Y aquí va un cuentito de verano basado en una historia familiar. Festival de Cosquín. Comienzo de los 70, años turbulentos. Los años en que pudimos haber muerto. Va por ustedes. Se lo dedico especialmente a mi amigo Adrián Ramírez con un abrazo fraterno.
A la vuelta
Llevaba meses planeando el viaje al Festival de Cosquín. Trabajaba todo el tiempo sin descanso y sin perspectivas. Mis días eran gemelos. A lo sumo, mellizos. Apenas podía pagar los gastos... Cuando acaba el mes no queda nada y vuelta a empezar. Esa maldita incertidumbre, inventando en el aire.
Pero me encantaba el folklore. El viejo Atahualpa, la Negra, Falú, Zitarrosa, Osiris Rodríguez Castillos. Las zambas, las milongas, ¡las chacareras…! Eran mi refugio.
Todo el año me lo pasaba pensando en el momento de agarrar el coche y salir a la ruta. En casa vivíamos todos apretados: los abuelos, los hijos, el perro. Aquello era un circo. Nos queríamos todos mucho pero, de vez en cuando, era inevitable que surgieran discusiones e intercambios de pareceres por medios no convencionales. Esa cosa familiar, usted ya me entiende...
Los abuelos estaban instalados en una parte más o menos independiente de la casa, pero sus acalorados debates se oían al detalle. Una pareja que aguanta tantos años se acostumbra a comunicarse de formas que, contempladas por un extraño, resultan inexplicables.
El viejo se levantaba todos los días a las 5:30 e iba a la fábrica, donde le esperaba un gigantesco telar y un ruido infernal. Así todos los días de todos los años, por un sueldo bien miserable. Que conservara la cordura y el autocontrol después de tantos años de machaque cotidiano resultaba más que notable. Un héroe de la clase proletaria.
Fogones que invitan a matear… Nunca pude adaptarme a la gran ciudad. Me voy nomás.
Siempre fui un tipo bastante metódico. Había revisado el coche –un Ford A del tiempo de Upa pero que rodaba que daba gloria verlo–, llevaba el equipo de mate (fundamental), unos cuantos sándwiches y un poco de matambre. A qué más.

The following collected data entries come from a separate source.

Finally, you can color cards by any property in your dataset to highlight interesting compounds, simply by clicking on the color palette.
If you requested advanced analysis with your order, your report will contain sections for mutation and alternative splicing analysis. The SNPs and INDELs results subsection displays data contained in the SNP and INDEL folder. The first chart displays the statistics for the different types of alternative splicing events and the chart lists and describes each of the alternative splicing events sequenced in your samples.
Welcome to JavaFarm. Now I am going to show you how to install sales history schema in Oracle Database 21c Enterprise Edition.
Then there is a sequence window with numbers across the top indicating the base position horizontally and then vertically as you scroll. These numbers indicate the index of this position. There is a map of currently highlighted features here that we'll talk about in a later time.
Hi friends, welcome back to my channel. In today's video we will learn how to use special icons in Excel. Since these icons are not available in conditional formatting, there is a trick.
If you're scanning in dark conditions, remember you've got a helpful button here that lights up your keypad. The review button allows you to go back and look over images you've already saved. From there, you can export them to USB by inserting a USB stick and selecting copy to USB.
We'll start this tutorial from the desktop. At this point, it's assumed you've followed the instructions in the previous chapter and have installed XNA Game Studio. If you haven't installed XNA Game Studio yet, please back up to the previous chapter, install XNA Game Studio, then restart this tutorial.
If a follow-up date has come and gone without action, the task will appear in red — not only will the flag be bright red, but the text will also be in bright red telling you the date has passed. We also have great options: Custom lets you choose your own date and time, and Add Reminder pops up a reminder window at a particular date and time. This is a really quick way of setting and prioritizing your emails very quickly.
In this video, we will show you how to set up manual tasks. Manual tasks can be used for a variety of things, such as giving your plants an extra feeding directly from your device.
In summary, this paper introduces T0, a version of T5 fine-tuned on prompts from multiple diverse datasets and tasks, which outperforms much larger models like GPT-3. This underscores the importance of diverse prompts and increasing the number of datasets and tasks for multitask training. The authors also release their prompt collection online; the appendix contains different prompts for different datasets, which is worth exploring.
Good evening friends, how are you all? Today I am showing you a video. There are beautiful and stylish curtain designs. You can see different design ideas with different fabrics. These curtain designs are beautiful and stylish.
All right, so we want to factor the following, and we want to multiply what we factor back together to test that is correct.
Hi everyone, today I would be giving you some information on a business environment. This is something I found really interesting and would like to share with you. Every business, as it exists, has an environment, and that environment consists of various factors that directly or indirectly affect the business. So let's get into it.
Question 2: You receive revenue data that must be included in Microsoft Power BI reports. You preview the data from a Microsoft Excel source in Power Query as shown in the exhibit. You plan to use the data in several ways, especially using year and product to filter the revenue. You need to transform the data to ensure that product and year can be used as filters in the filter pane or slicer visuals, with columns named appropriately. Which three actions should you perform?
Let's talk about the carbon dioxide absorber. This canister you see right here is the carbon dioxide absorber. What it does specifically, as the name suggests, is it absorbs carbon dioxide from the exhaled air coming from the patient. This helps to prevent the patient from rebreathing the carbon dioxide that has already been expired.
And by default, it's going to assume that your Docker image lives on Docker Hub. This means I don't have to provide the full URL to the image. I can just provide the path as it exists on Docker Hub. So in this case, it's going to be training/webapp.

La mañana era fresca y bien que temblaba el lucero del alba. Después de todo iba a escuchar zambas hasta decir basta.
Subí al viejo Ford, saqué el cebador, aceleré un par de veces como me había enseñado mi viejo y arranqué. Esperé que se calentara un poco el motor y, cual Fangio ciudadano, ¡rumbo a Córdoba! Allá vamos…
No había recorrido ni cincuenta metros cuando veo por el espejo retrovisor que el abuelo sale corriendo de casa a los gritos.
—¡Me voy con vos…! ¡Esperame…!
Aflojé la marcha y esperé que se subiera.
—Dale. ¡Arrancá…!— bramó el viejo.
Aquello resultó totalmente inesperado. Años de vida ordenada. Siempre en pareja a todos lados.
—Pero Don Leizer… ¿no le va a decir nada a la abuela?
—No. Arrancá te digo.
—Mire que se va a preocupar...
—Mirá pibe… la vida está llena de interrupciones y cosas terribles que te parten el alma en dos. Todos llevamos cristales dentro. Uno se va consumiendo hasta que no quedan ni las brasas y los amigos tienen esa fea costumbre de olvidarse de respirar... así que vámonos de joda mientras podamos! Metele pata nomás.
Y mirándome de soslayo, agregó: ¡prefiero discutir a la vuelta, che!